Data Processing Assistant for Resting-State fMRI Analysis Toolkit (DPARSFA, V5.2) (Yan and Zang, 2010) was used to preprocess the rs-fMRI data. (1) Converting the DICOM images into the NIFTI format, (2) deleting the first 10 time points, (3) slice-timing, (4) realignment (participants with linear shifting distances more than 2.5 mm or rotation angles more than 2.5° were excluded), (5) spatially normalizing the fMRI figures to the Montreal Neurological Institute (MNI) space and resampling to 3 × 3 × 3 mm³ resolution, (6) detrending, (7) regressing several spurious variances, including 24 head motion parameters (Satterthwaite et al., 2012), cerebrospinal fluid signals, and white matter signals, (8)band-pass temporal filtering between 0.01–0.08 Hz, and (9) framewise displacement (FD) (Power et al., 2012)was calculated for each time point, and participants with mean FD exceeding 0.5 mm were excluded.

sReHo and dReHo analysis

Kendall’s coefficient of concordance (KCC) was utilized to calculate the sReHo and dReHo of a voxel’s time series and its adjacent voxels (Zang et al., 2004). In our study, the cluster size of KCC was set to be 27, which is adequate for covering all directions in 3D space and to optimize the trade-off between mitigation of partial volume effects and generation of Gaussian random fields (Jiang and Zuo, 2016). However, considering that the size of cluster to be measured might affect KCC value, we validated the results using additional two sorts of cluster size (7 and 19 voxels, respectively). For sReHo, the KCC value of a given voxel with those of its nearest neighbors was calculated through DPARSFA. Then, the sReHo map of each subject was obtained and transformed into standardized z-score. The dReHo analysis was performed using temporal dynamic analysis toolkits (Yan et al., 2017). A method based on sliding window was used to describe the temporal dynamic patterns. It is rather remarkable that the window length is a key parameter. According to prior studies, the minimum window length should exceed 1/f_min, where f_min denoted the minimum frequency of time courses (Leonardi and Van De Ville, 2015). Therefore, a window size of 100 TRs (100 s) and a window overlap of 60% (step size by 40 TRs, 40s) were selected (Wen et al., 2021). We also tested the results of other window sizes and overlaps, and the specific information is described in the validation analysis. The standard deviation of the dReHo was calculated to estimate temporal variability. Then, the time variability map of each subject was normalized into a z-score matrix. At last, spatial smoothing with a 6 mm full-width at half-maximum (FWHM) Gaussian kernel was performed for the sReHo and dReHo maps.

Statistical analysis

Demographic and clinical characteristics of participants were analyzed using IBM SPSS22.0 software. The differences in age, gender and mean FD among mTLE-IPI, mTLE-NO and HC were, respectively, analyzed with one-way analysis of variance (ANOVA), Chi-square test and Kruskal–Wallis test (p < 0.05). Difference in lateralization between mTLE-IPI and mTLE-NO was analyzed with Chi-square test (p < 0.05), while differences in epilepsy duration, NHS3 score and the number of ASMs were analyzed with Mann–Whitney U test, respectively, (p < 0.05).

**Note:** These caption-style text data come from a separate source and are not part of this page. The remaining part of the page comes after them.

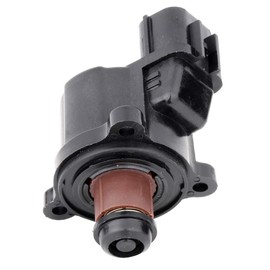 Ineedup Idle Speed Control Motor fit for 2001 for Suzuki for Grand Vitara 2.7l, 2005 2006 for Suzuki for XL-7 2.7l Motor Idle Valve 2H1312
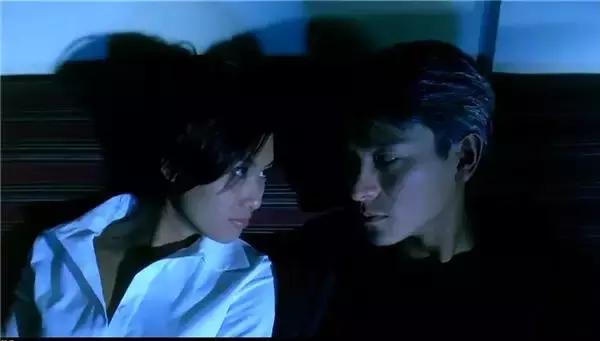 郑伊健经典电影大全解说,郑伊健唯一一部票房惨败的电影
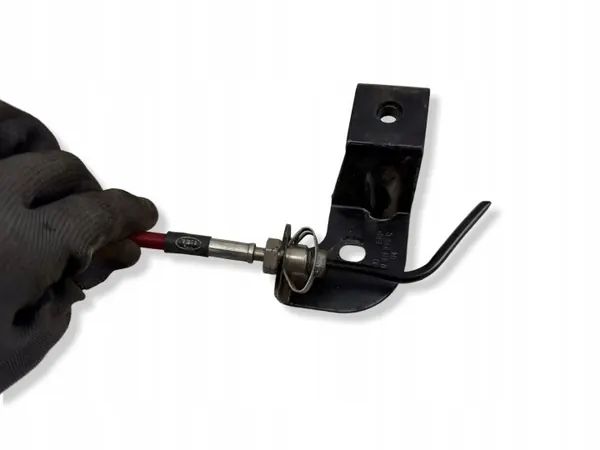 Audi RS4 B7 Hinterachse Bremsscheiben & Sättel Set OEM LAA28039 image 8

Whole-brain voxel-wise comparisons of sReHo and dReHo among the three groups were employed by one-way ANOVA using SPM12 toolkit, with age, gender and mean FD as covariates. A gaussian random field (GRF) correction was conducted for the F-value map (voxel-wise p < 0.005 and cluster-level p < 0.05, cluster extent threshold k > 30). Then, a new mask (the brain regions where the F value changed significantly) was applied to perform the secondary analyses through two-sample t-test (GRF corrected, p_voxel < 0.005, p_cluster < 0.05, k > 30) between mTLE-IPI and HC, mTLE-NO and HC, mTLE-IPI and mTLE-NO.

Correlation analysis

To identify whether the sReHo and dReHo abnormalities were associated with clinical characteristics, we conducted Spearman correlation analyses of the sReHo and dReHo values extracted from brain clusters showing significant differences on F map with epilepsy duration, NHS3 score and the number of ASMs, respectively. p < 0.05 was set for the statistically significant threshold.

Validation analyses

First, the ReHo’s proposer (Zang et al., 2004) claimed that the size of cluster (7, 19, or 27 voxels) to be measured had a considerable effect on KCC; that is, the results may differ depending on this number. Although the generally accepted cluster size is 27 voxels, we also tested additional two sorts of cluster size (7 and 19 voxels, respectively) to investigate how they would affect the outcomes. Second, since the optimal window size and step size of the sliding window method have not yet been identified, different window sizes/step sizes (100/20 TRs and 80/30 TRs) were examined to verify the reproducibility of dReHo results.

Results

Demographic and clinical information

The demographic and clinical information of the three groups are summarized in Table 1. No significant differences were detected in terms of age, gender or mean FD among three groups. For the comparison between mTLE-IPI and mTLE-NO, there were no notable differences between the two groups in lateralization, epilepsy duration, NHS3 score or the number of ASMs.

TABLE 1

Table 1. Demographic and clinical information of participants.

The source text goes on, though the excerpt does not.